Ce qui est donc en cause dans l’article 24, c’est la diffusion « par quelque moyen que ce soit et quel qu’en soit le support » de l’action à visage découvert des forces de l’ordre. Il faut dire qu’au cours de la dernière décennie au moins, nos téléphones portables se sont avérés d’un usage plus politique qu’ils ne le présageaient. Mais s’ils sont devenus une arme, celle-ci, non létale, ne fait qu’assurer une forme de protection à ceux qui s’en servent dans des situations équivoques, voire de légitime défense. S’ils font appel à la force, c’est uniquement celle de la dissuasion.
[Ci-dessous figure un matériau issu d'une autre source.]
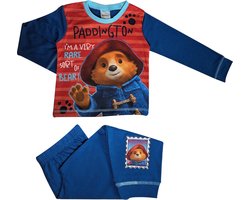 Paddington - pyjama Paddington - maat 86/92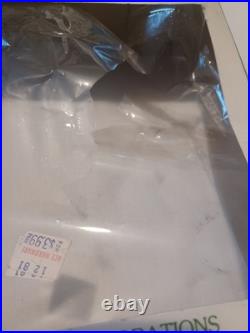 24 SHINY BRITE Vintage Glass Christmas Tree Ornaments Original Boxes 8 Bradford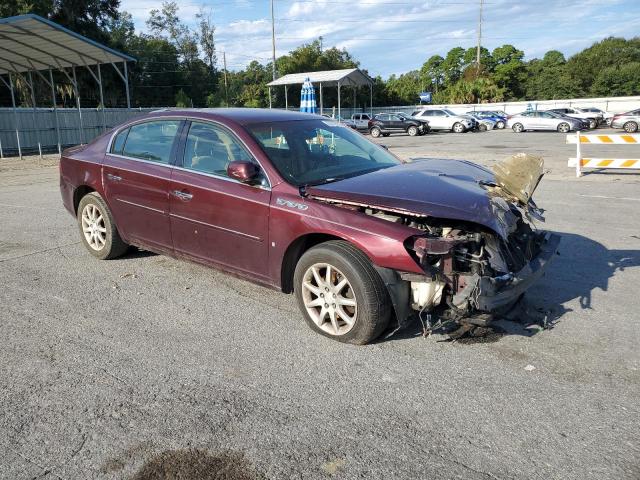 2007 Buick Lucerne Cxl VIN: 1G4HD57267U125076 Lot: 67319523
Ces images issues de téléphones portables, dont les réseaux sociaux peuvent être les relais, ne font que rétablir un semblant de possibilité de justice, dans certaines situations qui en sont le déni.
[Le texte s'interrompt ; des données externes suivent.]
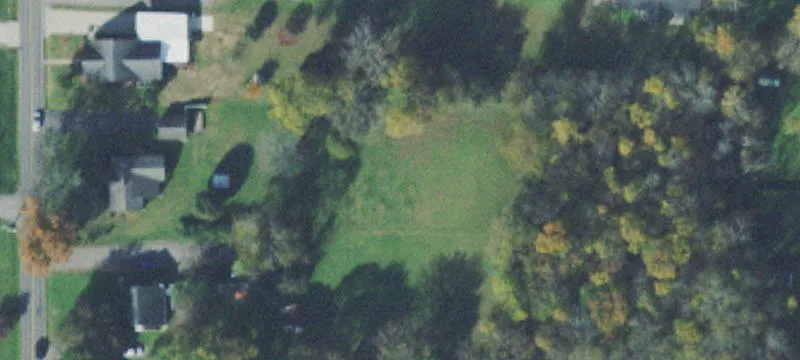 Commercial Land Parcel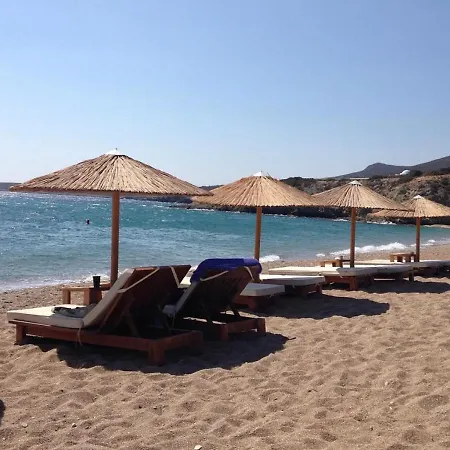 Soros Beach Villa, *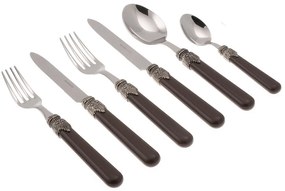 Posate Rivadossi Sandro Classic 36pz per 6 Persone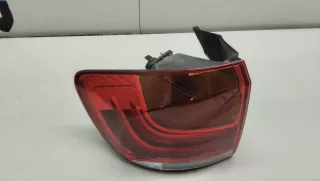 63212990109 BMW Фонарь задний наружный левый BMW X1 E84 Арт E23501032, вид 4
On ne compte plus les affaires de violences policières qui ont été révélées par ces images « profanes », non-professionnelles, et qui sont les premières visées par ce fameux article. De la mort de Cédric Chouviat à celle de George Floyd, en passant par la mutilation de Jérôme Rodrigues, toutes ont contribué à enraciner la question des violences policières dans le débat public, là où depuis plusieurs décennies, les associations antiracistes, les comités « Vérité et Justice », précurseurs dans la dénonciation de ces violences, et quelques « journalistes militants », autre cible revendiquée de cette proposition de loi, pouvaient avoir l’impression de prêcher dans le désert.
Les autorités, à commencer par le Ministre de l’Intérieur Gérald Darmanin, ont assuré que le travail des journalistes ne serait en aucun cas entravé par cette loi si elle était adoptée. Une déclaration dont la valeur ne peut être que celle d’un vœu pieux, à la simple lecture de l’article 24 cité plus haut. Les syndicats de journalistes et la plupart des sociétés des rédacteurs, tout comme la Ligue des droits de l’homme ou encore Amnesty International, appellent en conséquence à se mobiliser contre le texte en ce jour et le 21 novembre. Dès hier, le Haut-Commissariat aux droits de l’homme des Nations Unies a adressé une lettre de sept pages à Emmanuel Macron, évoquant une proposition de loi qui pourrait, si elle était appliquée, « entraîner des atteintes importantes aux droits de l’homme et aux libertés fondamentales ».